DeAnza College
This is shooting toward the north. In its old (asphalt) days, this was the
first track I saw with the now common Olympic finish line (at the end of the
straightaway). In its new installation, that has been offset by 19 meters. An
extra lane of the old surface remains arount the outside of most of the track.
They also built this with a sunken dirt warm up lane. That hasn't been used
too much lately, as the lane is used for storing garbage cans and encroachment
from the now wider pole vault pits.
Based on my last visit in 2001, I had taken this track to task for the terrible
conditions I observed. Now that I get back with a camera, the damage I documented
does not seem so significant. I don't know if they repaired it in the interim
or I have exagerated the problem in my recollection. But the problems I observed
do still exist to a small degree (are they back?). Most of the lane lines are
higher than the center of the lanes. At the common finish line, the bend in
(particularly lane 5 and lane 6 in this picture) show the bend--that is not
a optical distortion. The center of the lanes have collapsed the subsurface.

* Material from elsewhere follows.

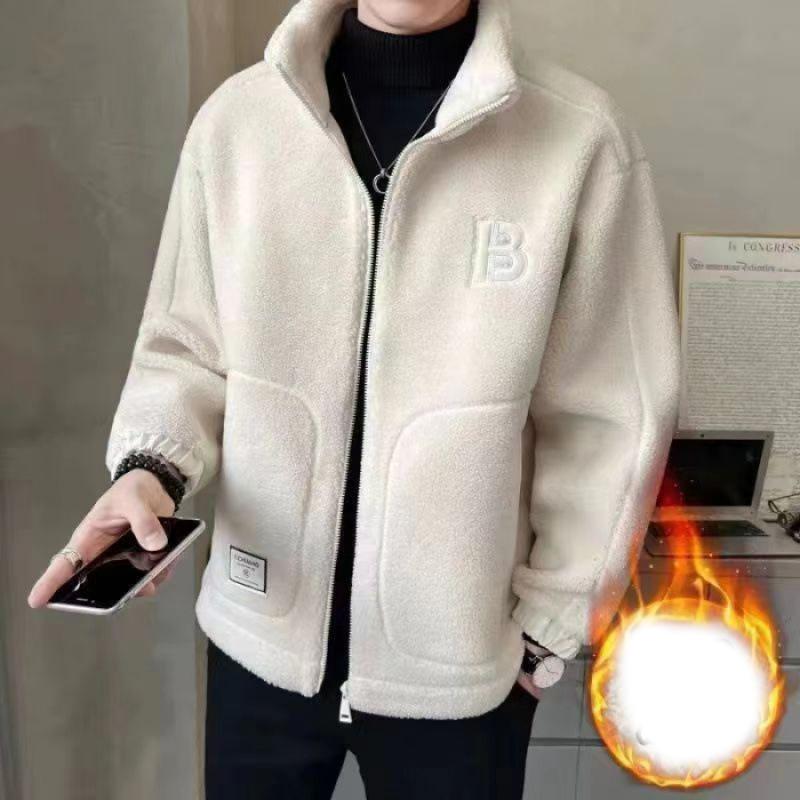 Men's Fleece-Lined and Thickened Cotton Coat Fall Winter Trendy Overcoat Loose Fitting Hooded Warm Weather Jacket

A similar phenomenon is happening at Cerritos College, home of the High School
State Meet (the best attended meet in California each year). I took lots of
other pictures that just don't show the problem, but you can feel it. Two years
ago I noted cracks and deep grooves like this.
The steeplechase pit is always a source of liability paranoia. Here is the
DeAnza solution.
As you can see the curve ends just into the relay zone.